Narrator 2: So out of the ground the Lord God formed every animal of the field and every bird of the air, and brought them to the man to see what he would call them; and whatever the man called every living creature, that was its name. The man gave names to all cattle, and to the birds of the air, and to every animal of the field; but for the man there was not found a helper as his partner.
Narrator 1: So the Lord God caused a deep sleep to fall upon the man, and he slept; then he took one of his ribs and closed up its place with flesh. And the rib that the Lord God had taken from the man he made into a woman and brought her to the man. Then the man said,
Man: This at last is bone of my bones and flesh of my flesh; this one shall be called Woman, for out of Man this one was taken.

Narrator 2: Therefore a man leaves his father and his mother and clings to his wife, and they become one flesh. And the man and his wife were both naked, and were not ashamed.
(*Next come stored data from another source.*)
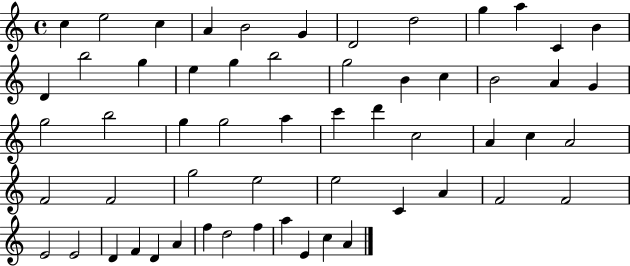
C5/q E5/h C5/q A4/q B4/h G4/q D4/h D5/h G5/q A5/q C4/q B4/q D4/q B5/h G5/q E5/q G5/q B5/h G5/h B4/q C5/q B4/h A4/q G4/q G5/h B5/h G5/q G5/h A5/q C6/q D6/q C5/h A4/q C5/q A4/h F4/h F4/h G5/h E5/h E5/h C4/q A4/q F4/h F4/h E4/h E4/h D4/q F4/q D4/q A4/q F5/q D5/h F5/q A5/q E4/q C5/q A4/q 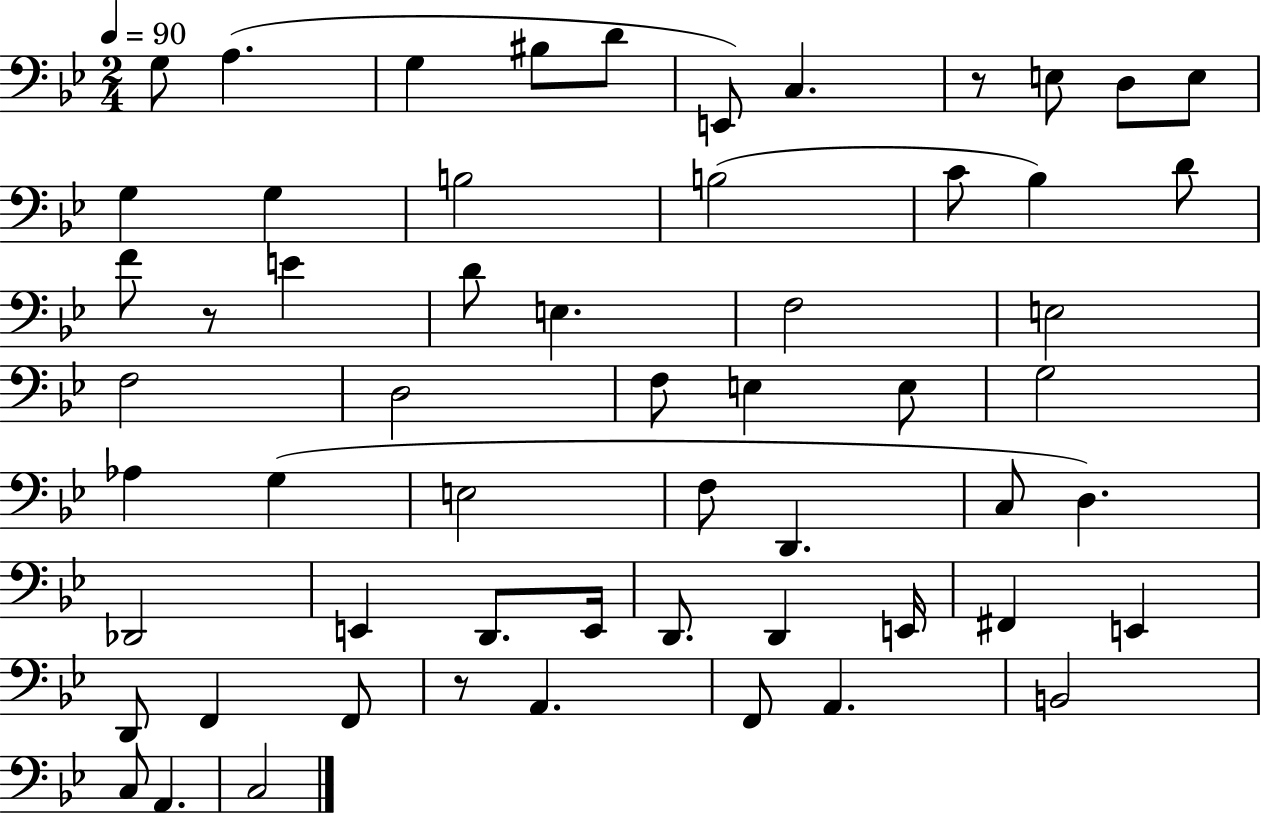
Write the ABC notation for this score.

X:1
T:Untitled
M:2/4
L:1/4
K:Bb
G,/2 A, G, ^B,/2 D/2 E,,/2 C, z/2 E,/2 D,/2 E,/2 G, G, B,2 B,2 C/2 _B, D/2 F/2 z/2 E D/2 E, F,2 E,2 F,2 D,2 F,/2 E, E,/2 G,2 _A, G, E,2 F,/2 D,, C,/2 D, _D,,2 E,, D,,/2 E,,/4 D,,/2 D,, E,,/4 ^F,, E,, D,,/2 F,, F,,/2 z/2 A,, F,,/2 A,, B,,2 C,/2 A,, C,2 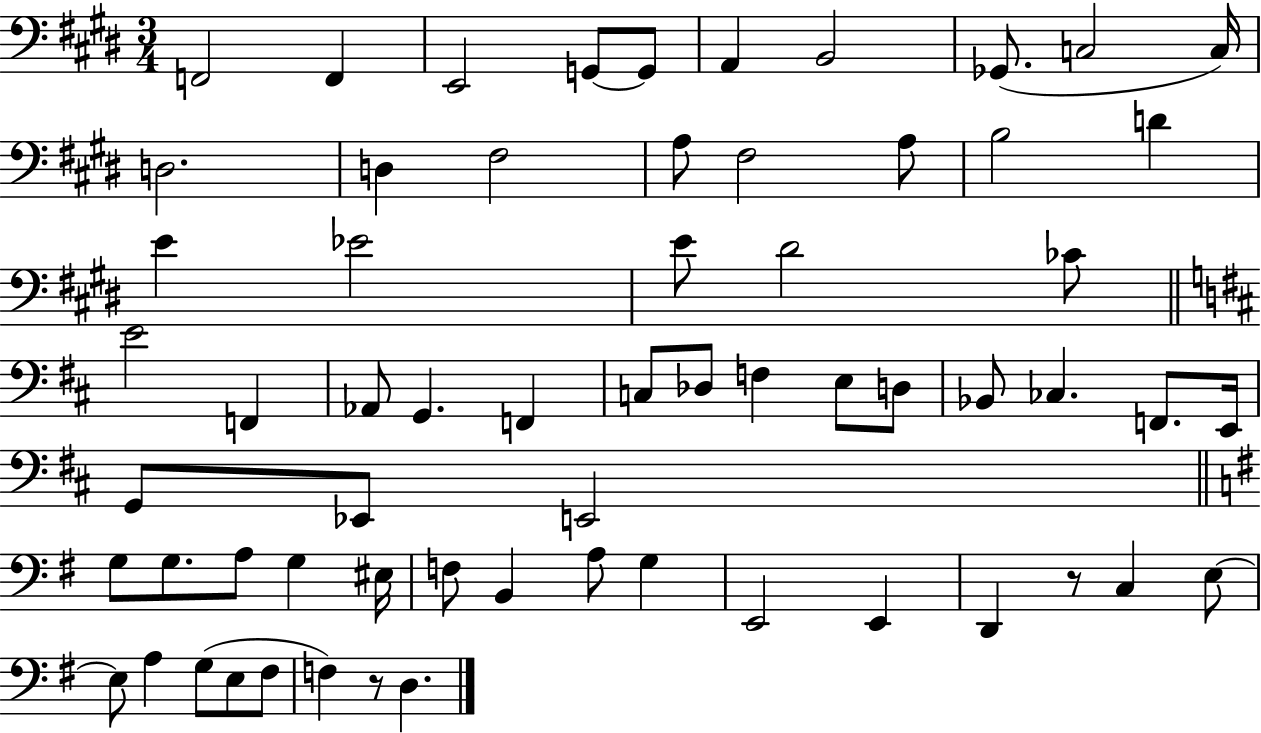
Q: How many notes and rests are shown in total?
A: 63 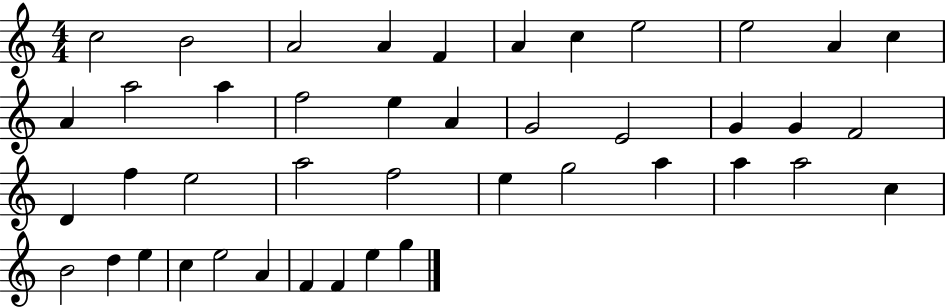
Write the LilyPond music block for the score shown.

{
  \clef treble
  \numericTimeSignature
  \time 4/4
  \key c \major
  c''2 b'2 | a'2 a'4 f'4 | a'4 c''4 e''2 | e''2 a'4 c''4 | \break a'4 a''2 a''4 | f''2 e''4 a'4 | g'2 e'2 | g'4 g'4 f'2 | \break d'4 f''4 e''2 | a''2 f''2 | e''4 g''2 a''4 | a''4 a''2 c''4 | \break b'2 d''4 e''4 | c''4 e''2 a'4 | f'4 f'4 e''4 g''4 | \bar "|."
} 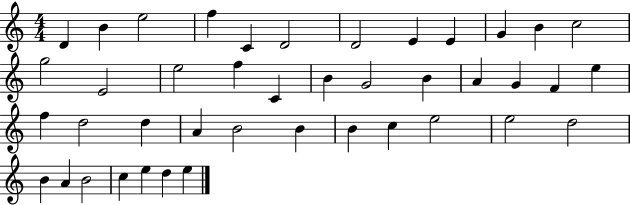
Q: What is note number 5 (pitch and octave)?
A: C4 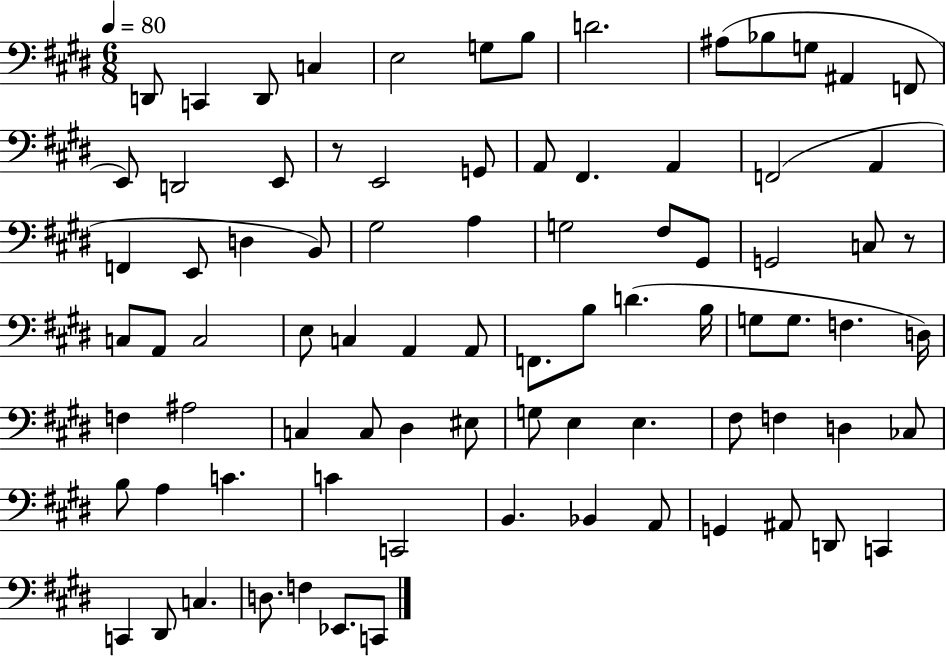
D2/e C2/q D2/e C3/q E3/h G3/e B3/e D4/h. A#3/e Bb3/e G3/e A#2/q F2/e E2/e D2/h E2/e R/e E2/h G2/e A2/e F#2/q. A2/q F2/h A2/q F2/q E2/e D3/q B2/e G#3/h A3/q G3/h F#3/e G#2/e G2/h C3/e R/e C3/e A2/e C3/h E3/e C3/q A2/q A2/e F2/e. B3/e D4/q. B3/s G3/e G3/e. F3/q. D3/s F3/q A#3/h C3/q C3/e D#3/q EIS3/e G3/e E3/q E3/q. F#3/e F3/q D3/q CES3/e B3/e A3/q C4/q. C4/q C2/h B2/q. Bb2/q A2/e G2/q A#2/e D2/e C2/q C2/q D#2/e C3/q. D3/e. F3/q Eb2/e. C2/e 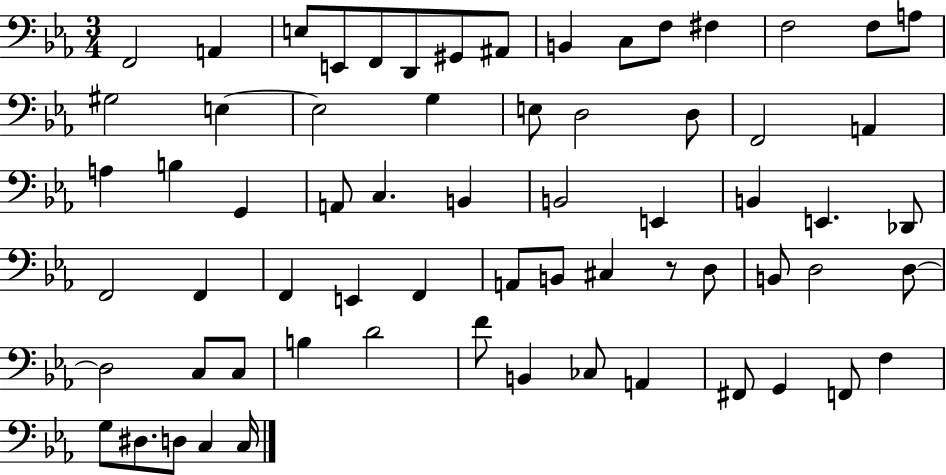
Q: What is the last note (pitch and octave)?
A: C3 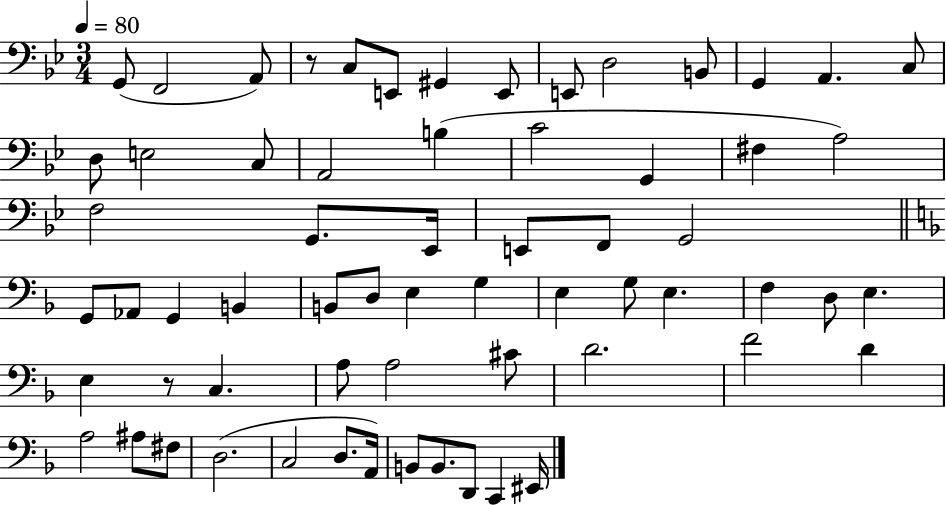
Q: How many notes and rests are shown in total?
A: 64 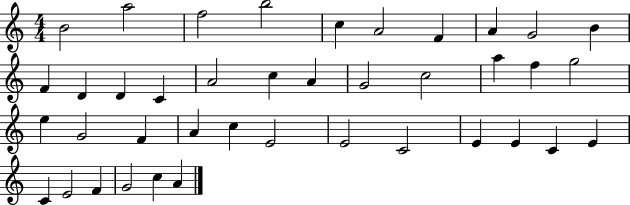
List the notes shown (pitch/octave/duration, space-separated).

B4/h A5/h F5/h B5/h C5/q A4/h F4/q A4/q G4/h B4/q F4/q D4/q D4/q C4/q A4/h C5/q A4/q G4/h C5/h A5/q F5/q G5/h E5/q G4/h F4/q A4/q C5/q E4/h E4/h C4/h E4/q E4/q C4/q E4/q C4/q E4/h F4/q G4/h C5/q A4/q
Grace to you and Peace from our Lord and Savior, Jesus Christ.
You have identified the first value of Bethlehem as The Illuminating Word of God.  You may have heard me preach on this before…it will not be the last time.  This value is the very reason we enter scripture differently this fall.  Instead of hearing a collection of stories from a particular gospel, we will begin at the beginning of God’s Word as we know it.  God’s Word that begins “In the beginning” and ultimately is expressed to us and for us in Jesus.  In Jesus’ life, death and resurrection.  For this is what God “says” – it’s God’s Word– this is God’s message of grace. 

We are told in this story today that God’s will is to create and relate.  Millennium BEFORE Jesus was born in Bethlehem, God was sending the same message.  The message of complete and total grace.  Out of nothing, out of the dirt, God graces us with existence and relationship.  This is our journey this fall… together we will fall into Grace, fall into the Sacred Story, fall into the epic tale of God and the ones whom God loves.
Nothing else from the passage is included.